And what was the president's response to this obviously desperate situation? "They want everything to be done for them," Mr. Trump griped, using the third-person plural to paint the entire island as a bunch of lazy, undeserving ingrates unwilling to lift a finger to help themselves. Mr. Trump's choice of words, which harked back to an earlier generation's euphemistic locutions about "those people," couldn't have been more heartless. It seems divisiveness has become his default position in any crisis, no matter how destructive or self-defeating the tactic may be.
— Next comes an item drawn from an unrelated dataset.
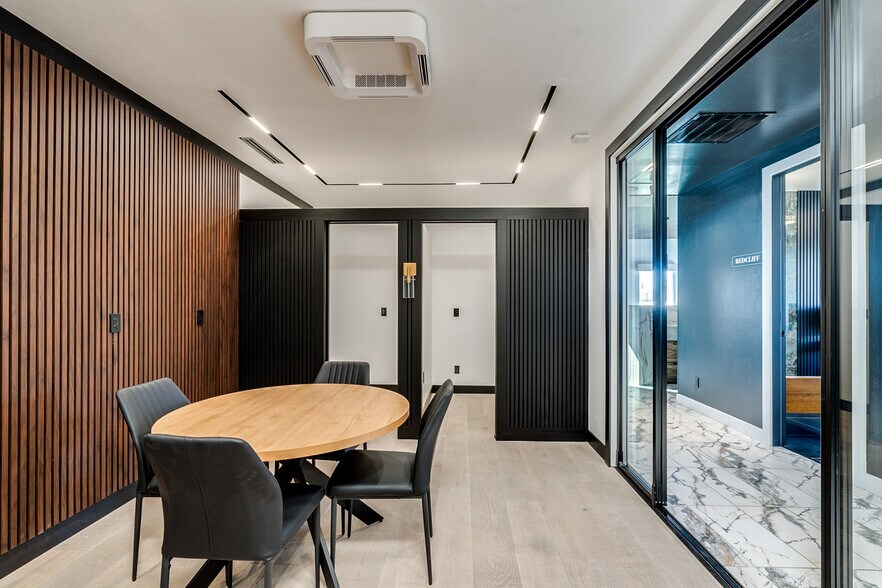 More Photos Of 1140 N Rosemont Blvd, Tucson Research And Development For Sale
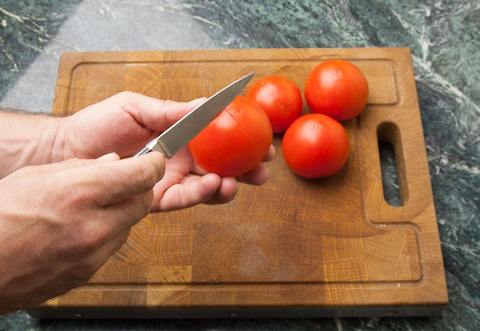 Tomaten kreuzförmig einschneiden zum Tomaten häuten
For all his missteps in the aftermath of the disaster that struck New Orleans on his watch, it's hard to imagine Mr. Bush taking a similar line toward the victims of Hurricane Katrina in 2005. The Bush administration was sharply criticized at the time for its less than lackluster emergency response effort and for the president's seeming inattention, at least initially, to the storm's victims. But Mr. Bush did not blame New Orleans' inhabitants for their plight. Despite a poor start he eventually went on to marshal the whole country's support behind the federal relief and reconstruction effort.
(And let's, for a moment, put Mr. Bush's slow response in context. Katrina made landfall in Louisiana on Aug. 29, 2005. Mr. Bush's much maligned Air Force One flyover came two days later, and he was on the ground two days after that. He was rightly criticized for the delay, yet Mr. Trump will have taken three times as long to get to Puerto Rico.)
We hope that Mr. Trump similarly will come around to a recognition of the need to unite the country after disaster strikes, and that he will make his intentions plain in that regard when he addresses his fellow citizens in Puerto Rico tomorrow. No doubt the president's advisers are cautioning him to hold his tongue — if for no other reason than to avoid further alienating Hispanic voters on the U.S. mainland. But given Mr. Trump's seemingly congenital inability to stay on script, it's anybody's guess what will actually come out when he opens his mouth.
The biggest advantage Mr. Bush had over the present incumbent was a general feeling among the public that his heart was in the right place, even though he could be clumsy with words, and his administration's relief efforts were less than stellar. Mr. Trump, by contrast, has a habit of attacking anyone who criticizes his policies or disagrees with what he says. The nation doesn't need a leader throwing rhetorical bombs from the luxury of his golf resort at at a mayor stuck in a humanitarian crisis begging for the help her constituents need to survive. To borrow a favorite descriptor from the president's incessant tweeting, that's sad.